Già critico cinematografico e autore teatrale, Mankiewicz, figlio di ebrei immigrati dalla Germania, è parte di quel rivolo di autori – da William Faulkner a Francis Scott Fitzgerald – che a quel tempo si sposta a Hollywood in cerca di guadagni che la letteratura non garantisce. Come tanti prima e dopo di lui, Mank non trova però la libertà che spera. Il conservatorismo degli studios pone confini precisi alla creatività, gli spunti radicali sono off limits e le frizioni con i pezzi grossi infiniti. Malgrado ciò Quarto potere, ispirato alla vita dello stesso Hearst, rimane uno dei ritratti più corrosivi prodotti dal cinema del sogno americano e del potere manipolatorio dei media.
Mank è il ritratto di uno scrittore dalla produttività prodigiosa, capace di slanci visionari (gli si deve, fra l’altro, la magnifica sequenza del Kansas ne Il mago di Oz), insofferente alle regole e dotato di una profonda umanità. Quando nel film la sua governante rivela che un intero villaggio di ebrei tedeschi è emigrato grazie all’aiuto di Mankiewicz sembra una boutade ma nella realtà lo scrittore sponsorizzò l’ingresso in America per centinaia di ebrei in fuga dalle persecuzioni.

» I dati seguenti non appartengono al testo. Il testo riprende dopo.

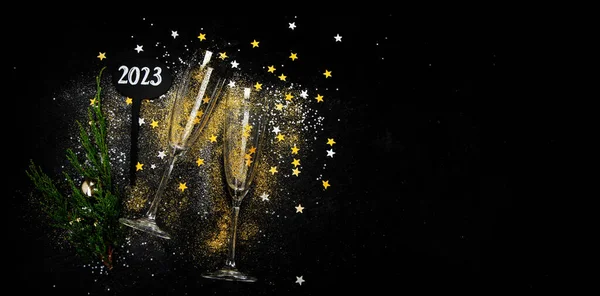 Twee Champagneglazen Kerstversiering Een Zwarte Achtergrond Gelukkig Nieuwjaarsfeest Bovenaanzicht Panorama — Stockfoto
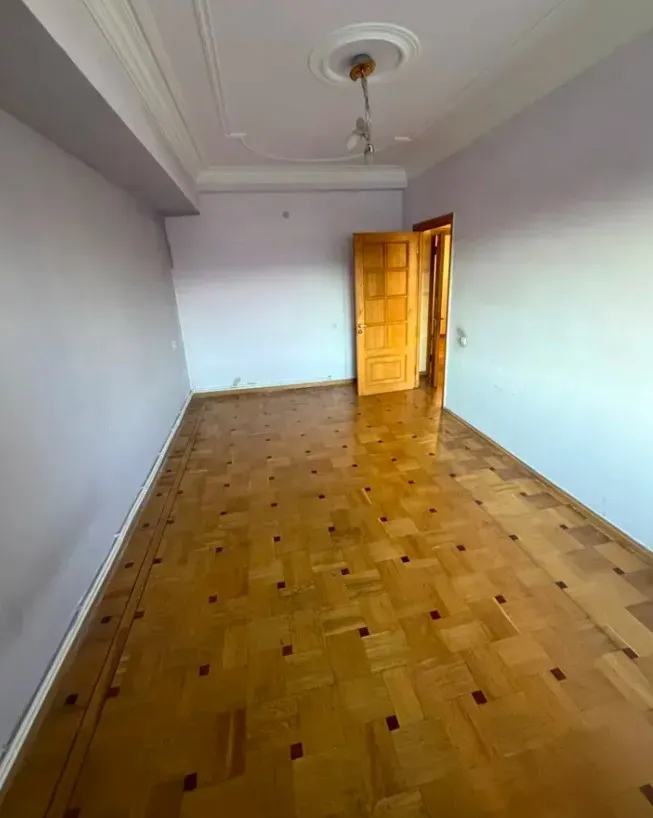 4 bedroom apartment for sale Baghramyan Ave (Kentron), Center Yerevan, 161086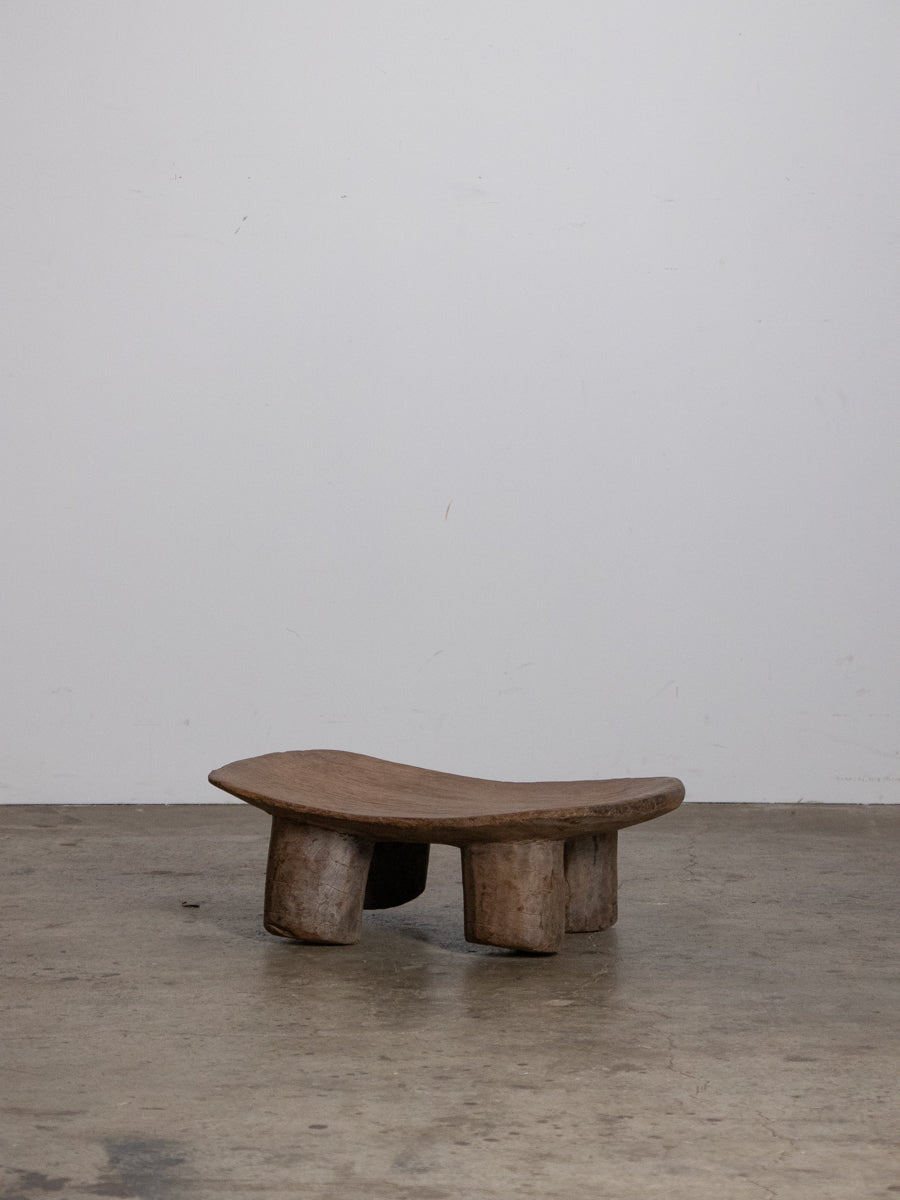 セヌフォ族スツール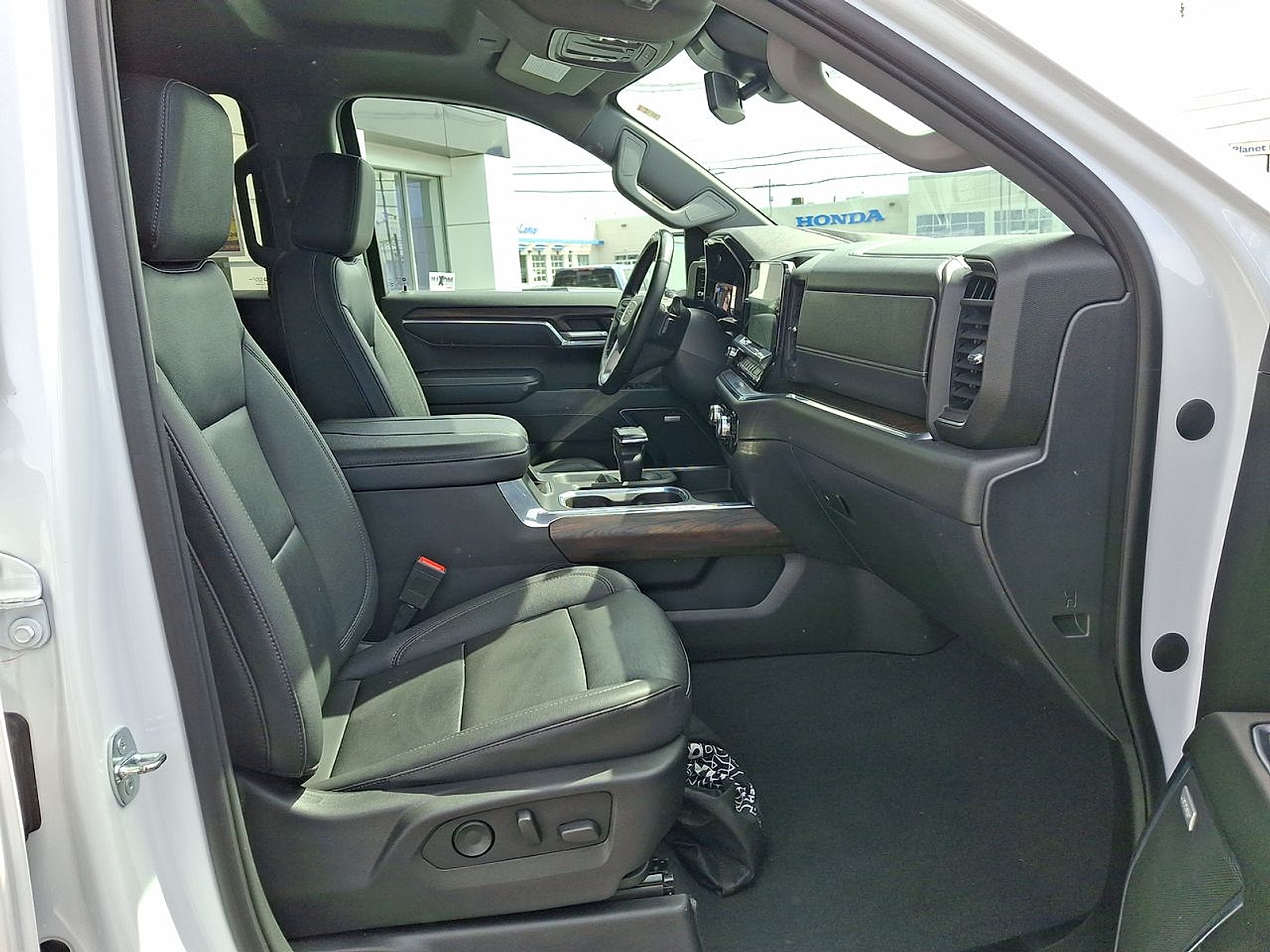 2023 GMC Sierra 1500 SLT - Photo 28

La storia di Mank è alla fine quella dell’eterno attrito fra il potere e il diritto di parola, il conformismo e il pensiero che si ostina controcorrente. Leggervi un rimando all’attualità non è forzato: il vento dell’autoritarismo soffia impetuoso e mai come oggi i poteri di Hollywood sono stati concentrati in così poche mani.